But an early resumption of long-haul flights is looking less likely than a few months ago, given the resurgence of coronavirus cases in many parts of the world.
So an upturn in jet consumption and with it distillate margins and crude oil prices depends on one or more of three factors: Early deployment of an effective COVID-19 vaccine; alternative methods of infection control (for example, rapid testing or improved contact tracing and isolation); or lifting air travel restrictions with or without a vaccine.
Quarantines and other infection controls have mostly been imposed on a national, or occasionally continental basis, and on potentially infective passengers rather than manufactured products.
As a result, passenger aviation has been hit much harder than freight, and within the passenger sector, long-haul flights have been more severely impacted than short-haul and domestic services.
Globally, air freight tonne-kilometres were down just 18 per cent in June compared with passenger revenue-kilometres down 87 per cent, according to the International Civil Aviation Organisation.
In Hong Kong, which has adopted some of the strictest quarantine requirements, air cargo volumes were down just 2 per cent in August from a year earlier while passenger numbers, excluding transit passengers, were down 99 per cent.
On the passenger side, countries with a large domestic market, including the United States and China, have seen a stronger rebound than countries that depend on international departures and arrivals such as Britain and Australia.
China’s passenger aviation volume was down by around 40 per cent in August compared with the same month a year earlier, based on passenger-kilometres flown, according to the National Bureau of Statistics.
By contrast, Britain’s Heathrow airport reported passenger numbers were down by 69 per cent in August for domestic and short-haul flights within Europe and down by 92 per cent for long-haul flights outside Europe.

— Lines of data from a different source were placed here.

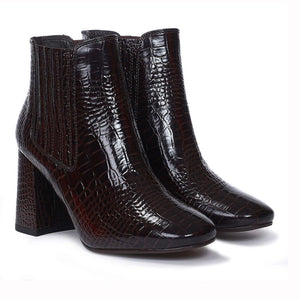 Saint Edwina Brown Croc Embossed Vegan Leather Ankle Boots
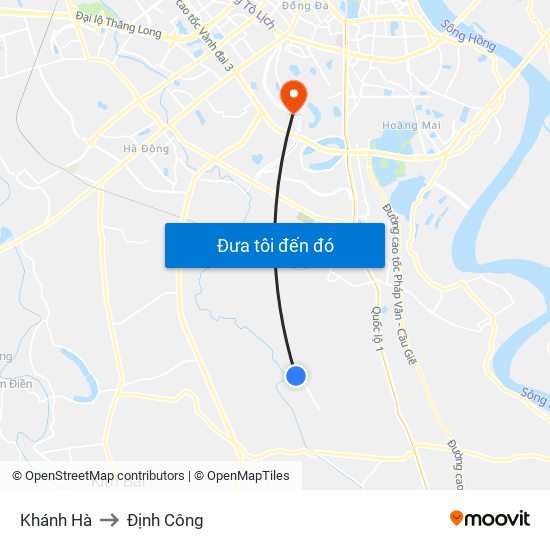 Khánh Hà to Định Công map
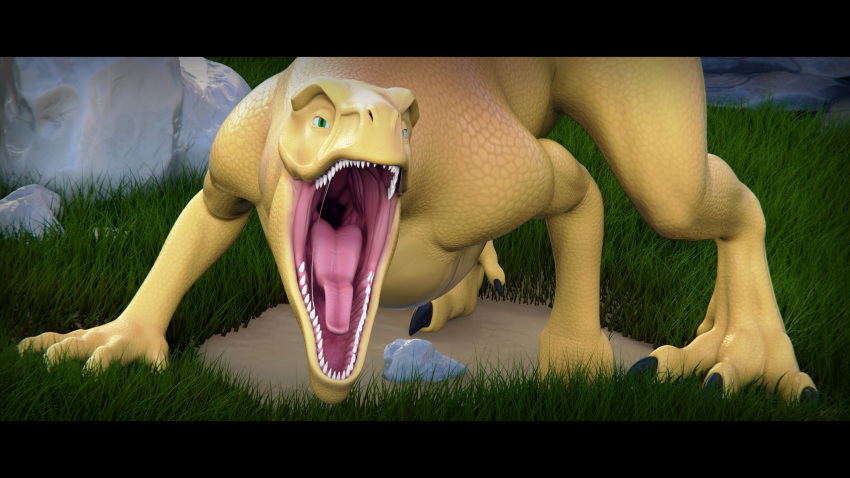 16:9 2019 3d_(artwork) 4k absurd_res detailed_background digital_media_(artwork) dinosaur gaping_mouth hi_res kysol looking_at_viewer male mouth_shot open_mouth outside reptile saliva scalie solo teeth tongue whiteperson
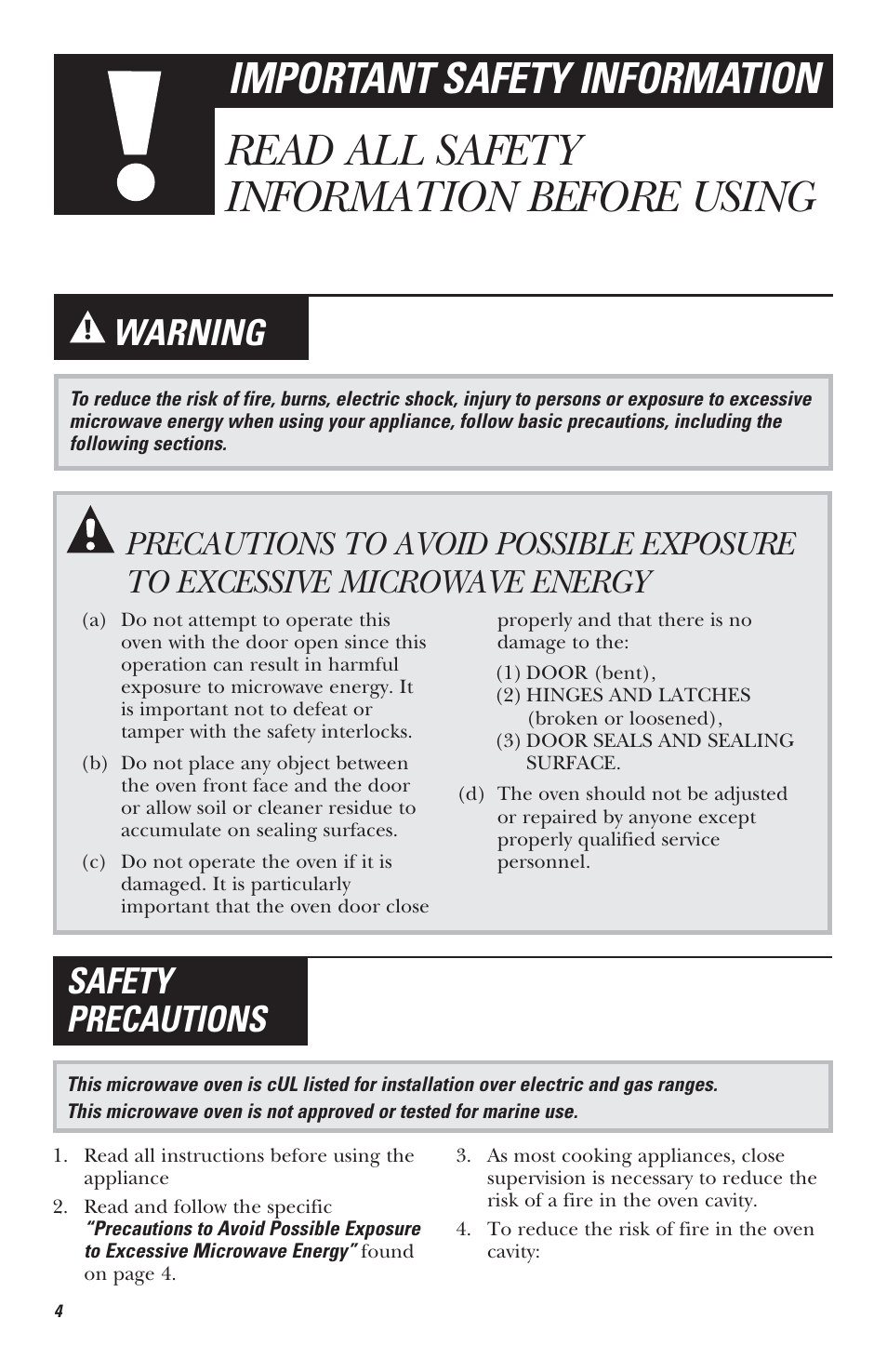 Read all safety information before using, Important safety information, Warning | Safety precautions | Mabe Canada JVM1630 User Manual | Page 4 / 36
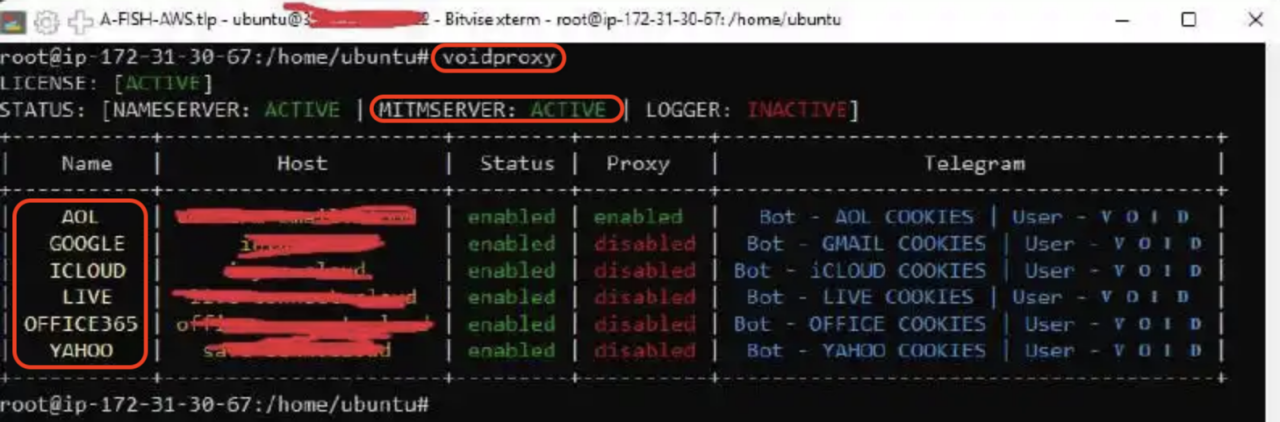 VoidProxy-Screenshot, der an Dark-Web-Werbung angehängt ist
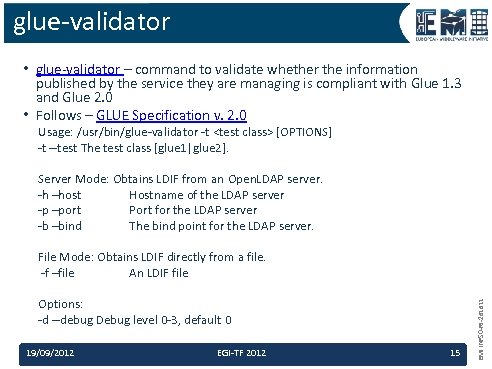glue-validator • glue-validator – command to validate whether the information published by the service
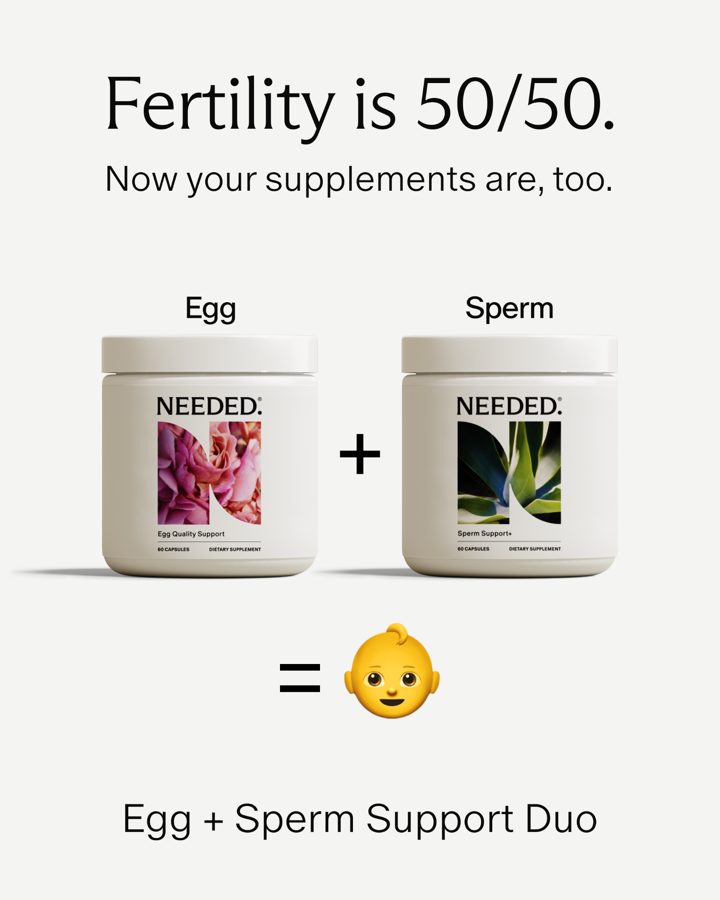 Needed ad. Angle: Fertility is 50/50. Now your supplements are, too.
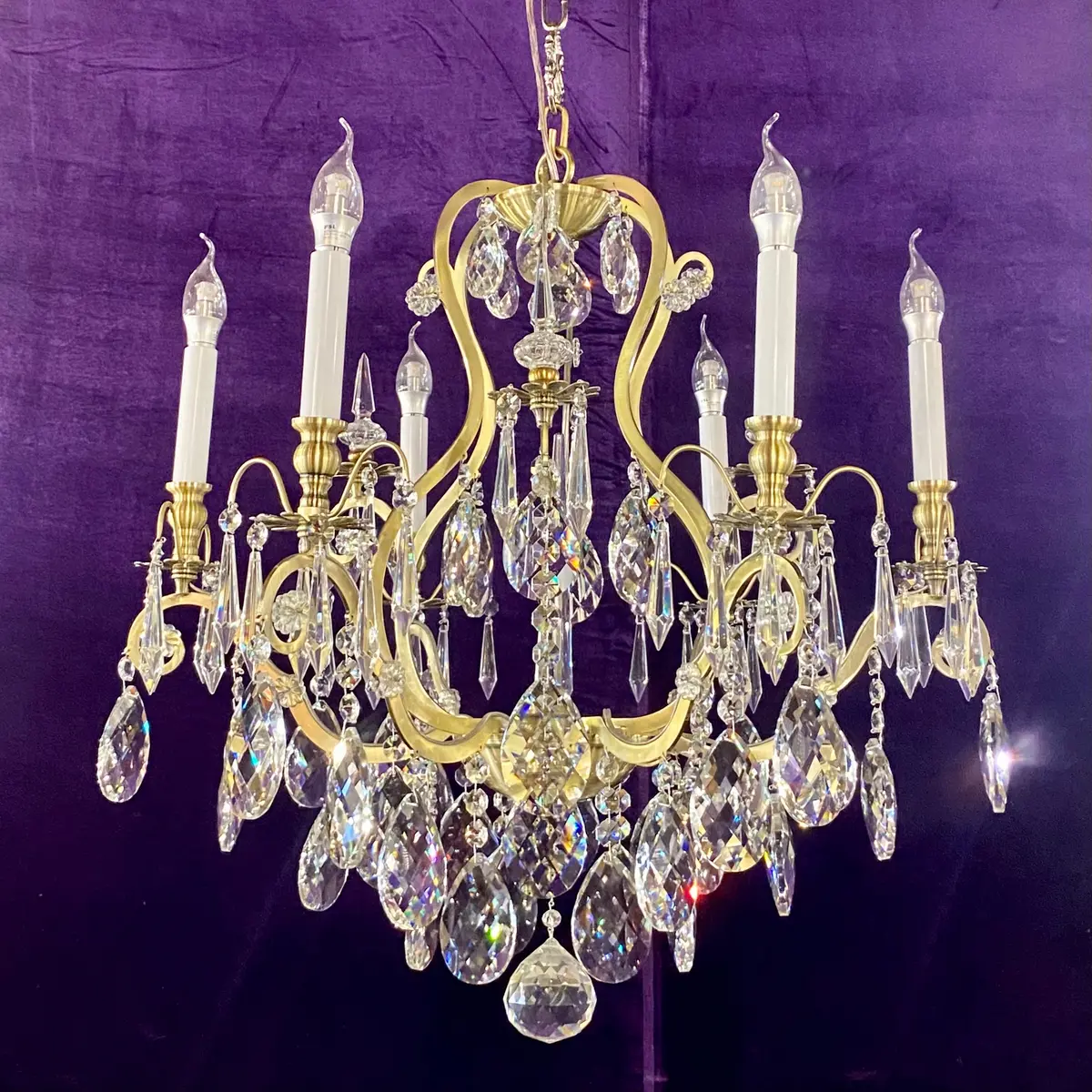 Beautiful Italian Cage Style Chandelier With Crystals 1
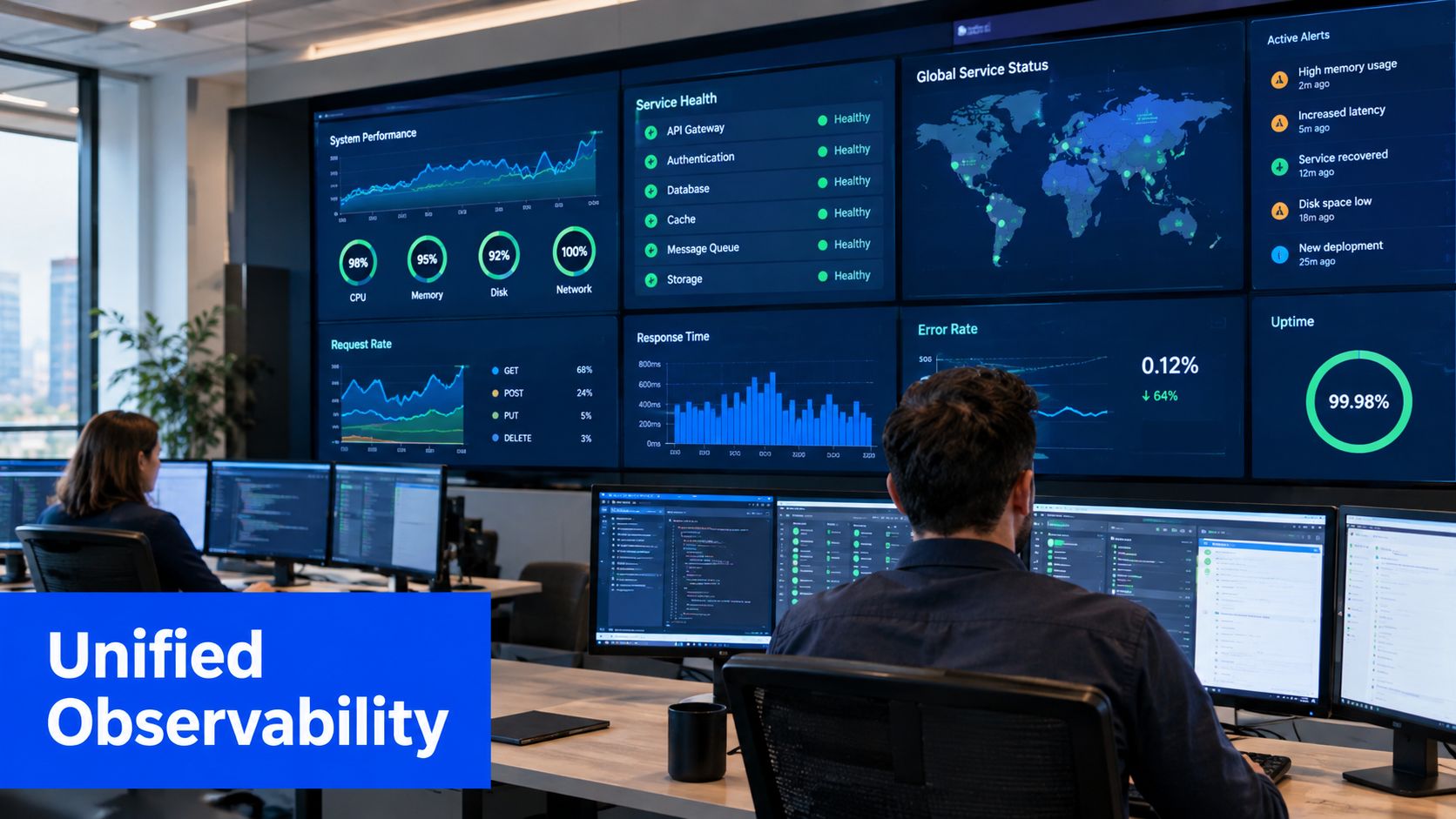 A professional IT team monitors a large digital wall dashboard displaying real-time system performance and server metrics.
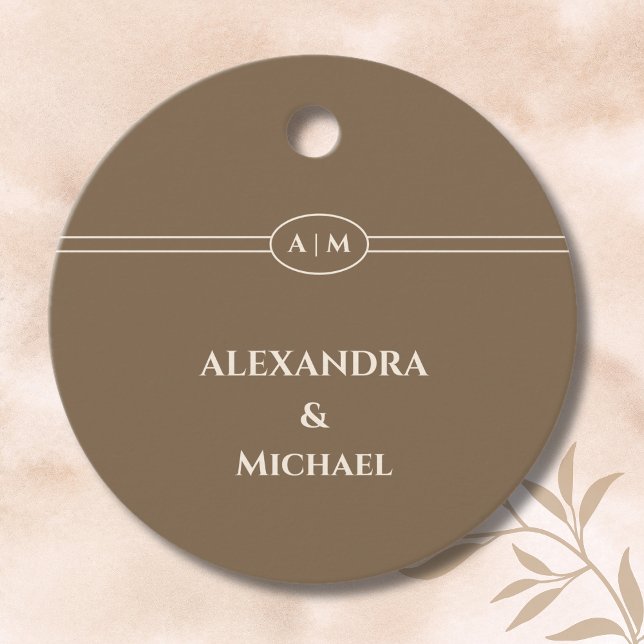 Monogram Taupe Christian Wedding Thank You Geschenkanhänger (Von Creator hochgeladen)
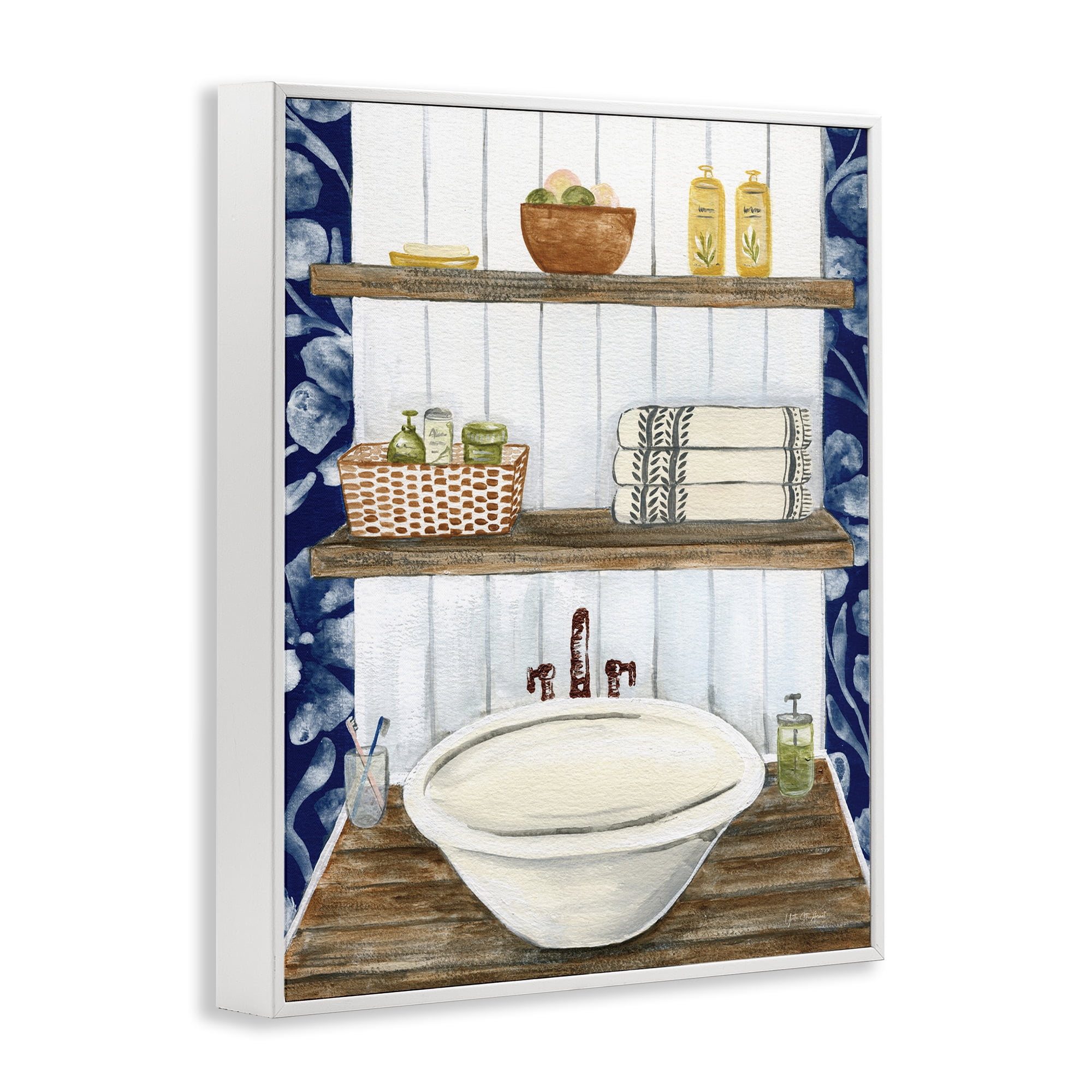 Stupell Industries Bold Blue Bathroom Typography Painting White Framed Art Print Wall Art, 24 x 30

Sydney Airport said its passenger numbers dropped 56 per cent in the six months to June 30.
Business-related travel has been hit harder than leisure journeys as a result of the cancellation of conferences and in-person customer visits for infection control and to reduce corporate spending during the recession.
Most aviation experts expect business travel to recover more slowly than leisure journeys over the next 12-24 months, mirroring the experience after previous business cycle downturns.
The recession’s lingering effects will encourage corporate managers to focus on cost control even once coronavirus restrictions are lifted, and discouraging discretionary flights is the easiest target for short-term savings.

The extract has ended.